Durch die Grundregeln aus dem Handbuch sowie die täglichen, neuen Anordnungen ist jeder einzelne Reisende pure Arbeit: Ist der Name auf allen Dokumenten gleich? Falls nicht, hat sich der Name der Person durch Heirat geändert? Wurde der Reisepass in einem zugelassenen Ort des Herkunftslandes ausgestellt? Sind Bürger dieses Landes gerade überhaupt erwünscht? Gibt es das Land überhaupt? Ist der Reisepass auch echt? Ist die Einreiseerlaubnis korrekt, sprich: Datum, Name, Dauer des Aufenthalts? Stimmen Person und Geschlecht, notfalls mittels Nacktscanner-Nachweis, überein? Verkompliziert wird das Ganze noch dadurch, dass eine Rebellengruppe versucht, Rebellen ins Land zu schmuggeln und auf meine Hilfe setzt. Außerdem ist da auch noch der Grenzbeamte, der pro Inhaftierten bezahlt wird und mir anbietet, mich an seiner Bezahlung zu beteiligen, wenn ich ihm denn genug Personen zum Einbuchten vorbeischicke…
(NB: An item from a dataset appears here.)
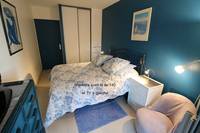 annonces immobiliere 06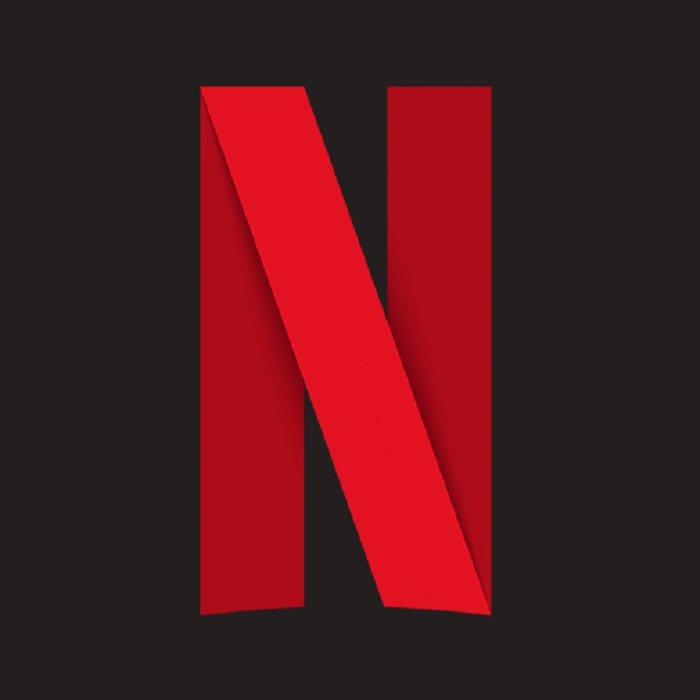Monde : Netflix suspend ses services en Russie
Das laufende Trolley-Problem
Daraus ergibt sich eine interessante Melange aus tollen Spielmechaniken mit steigender Komplexität, die mir vor Augen führt, warum manche Anträge auf Ämtern eine so lange Bearbeitungszeit besitzen. Das Spiel erzählt seine Handlung recht clever über die Spielmechanik, weil fast alles, was im Spiel passiert, auch eine Auswirkung auf diese hat. Das sind nicht nur Ereignisse, wie der Terroranschlag oder das Installieren von Nacktscannern, sondern auch Handlungen, die ich, als Spieler, durchführe. Lasse ich das Ehepaar von vorhin gemeinsam durch, habe ich zwar nach meinem moralischen Kompass richtig gehandelt, riskiere aber gleichzeitig das Wohlergehen meiner Familie. Ich werde folglich laufend vor ein Trolley-Problem gestellt und muss infolgedessen unangenehme Entscheidungen treffen. Kombiniert mit der kontinuierlich zunehmenden Komplexität ist »Papers, Please« ein hervorragendes Spiel, auf das ich aber nach kurzer Zeit keine Lust mehr habe, weil es Schufterei und moralische Zwickmühlen bedeutet. Zurück bleibt damit eine unglaublich faszinierende Spielerfahrung, die die 9€ Normalpreis auf jeden Fall wert sind – selbst wenn man, wie ich, nicht länger als 2 Stunden aushält.